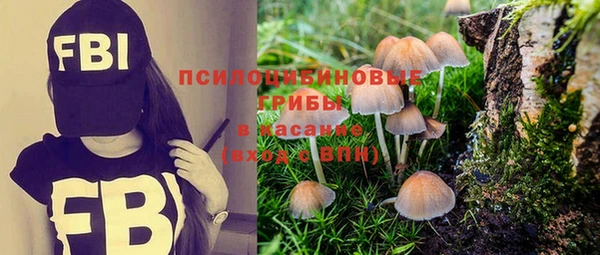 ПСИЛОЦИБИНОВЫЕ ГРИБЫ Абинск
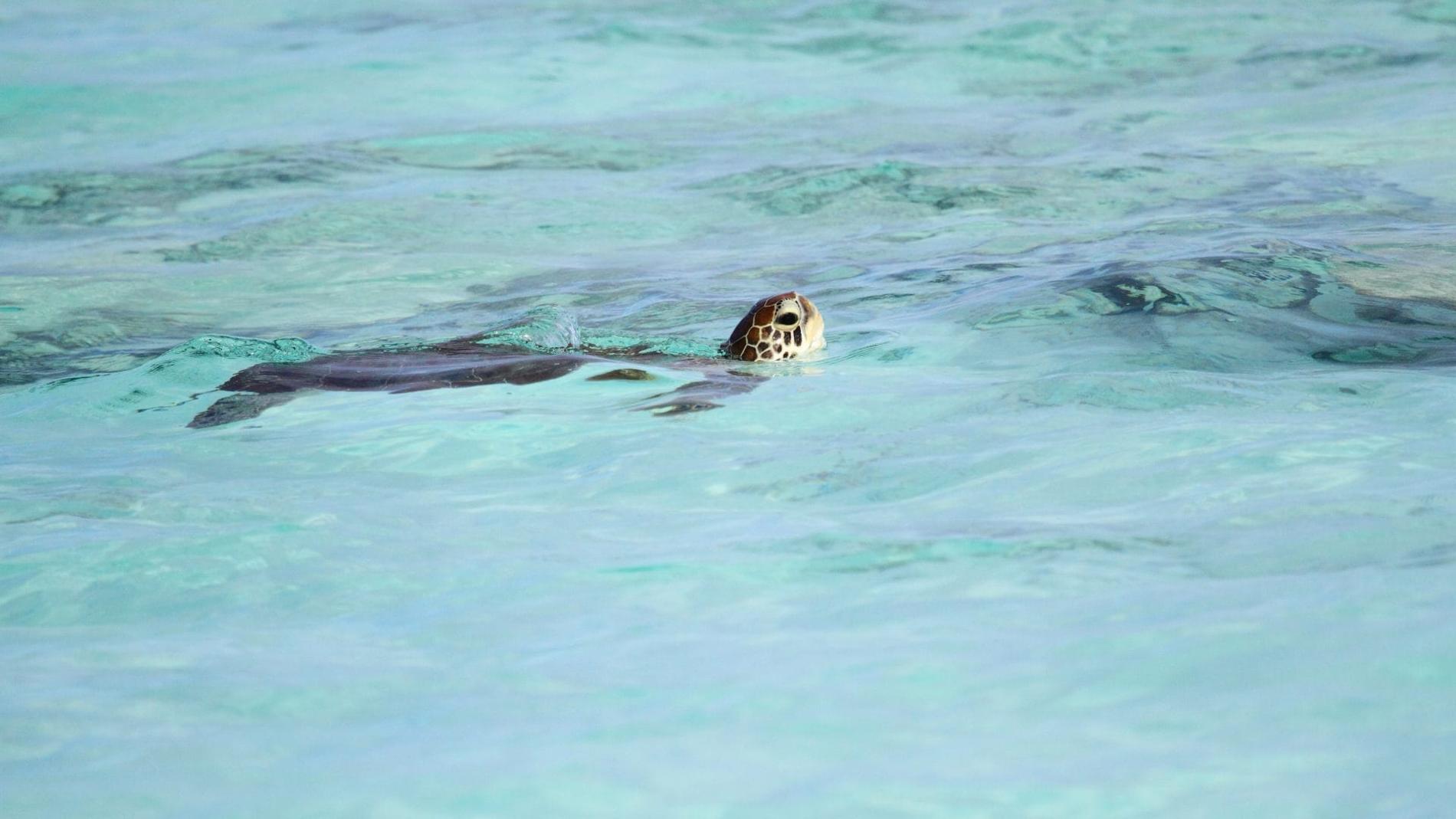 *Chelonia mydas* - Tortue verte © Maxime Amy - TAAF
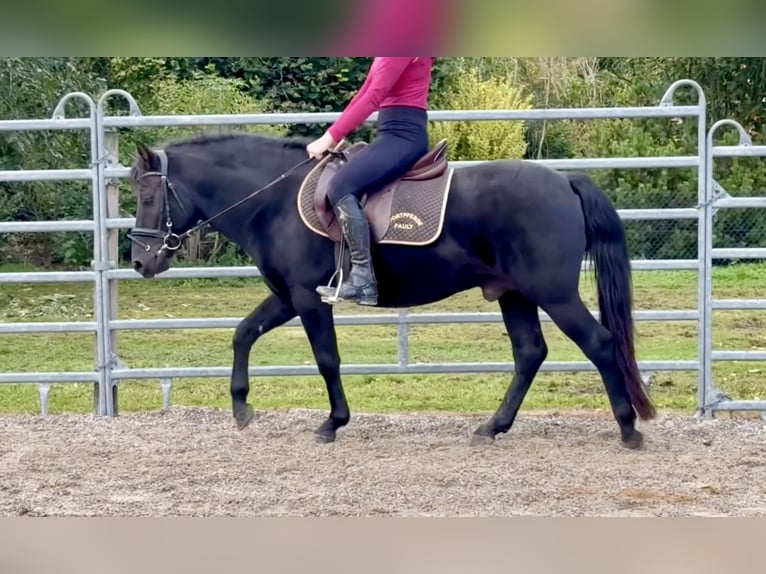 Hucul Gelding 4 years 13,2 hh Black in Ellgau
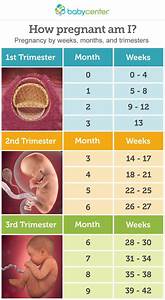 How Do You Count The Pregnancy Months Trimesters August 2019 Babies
============================================================
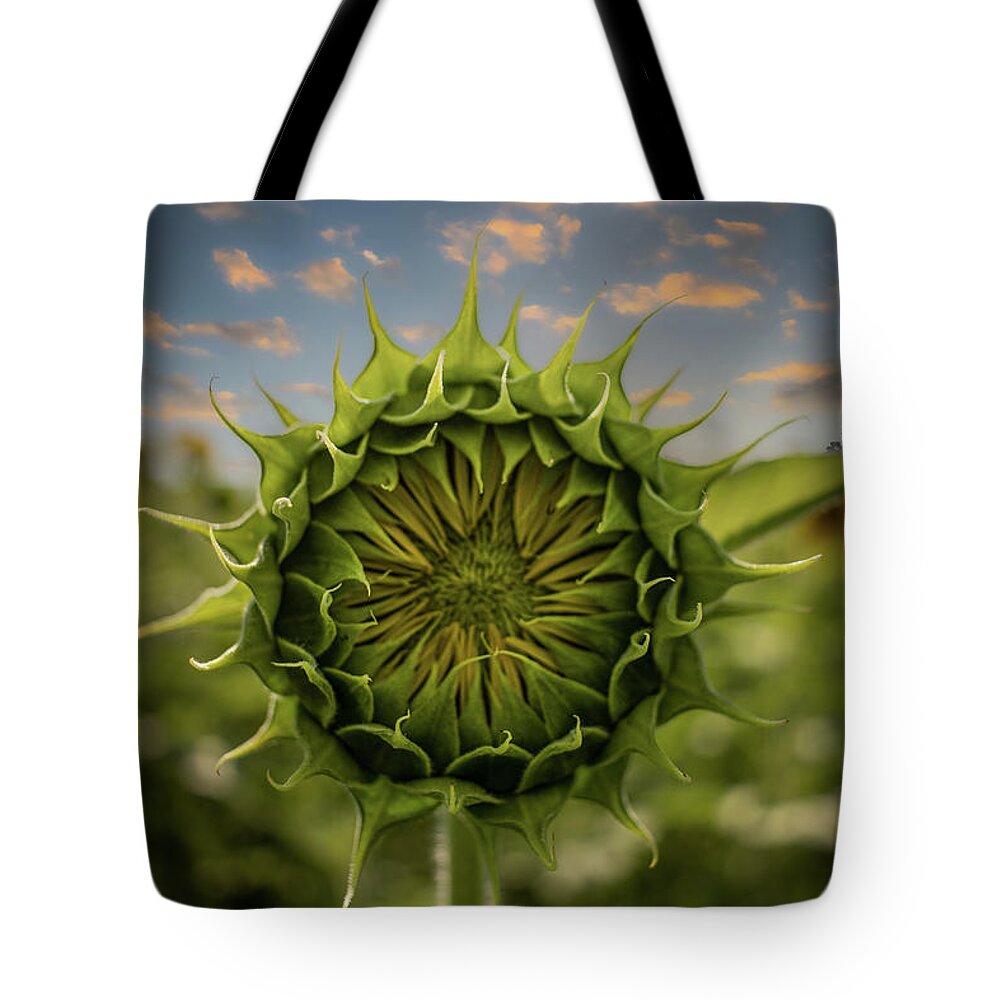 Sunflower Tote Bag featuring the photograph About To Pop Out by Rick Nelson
============================================================
**What the task asks:** Above are the records. Copy only the lines from the one with "Maxime Amy - TAAF" through the one with "How Do You Count", exactly, with no pictures.

**Answer:**
 *Chelonia mydas* - Tortue verte © Maxime Amy - TAAF
 Hucul Gelding 4 years 13,2 hh Black in Ellgau
 How Do You Count The Pregnancy Months Trimesters August 2019 Babies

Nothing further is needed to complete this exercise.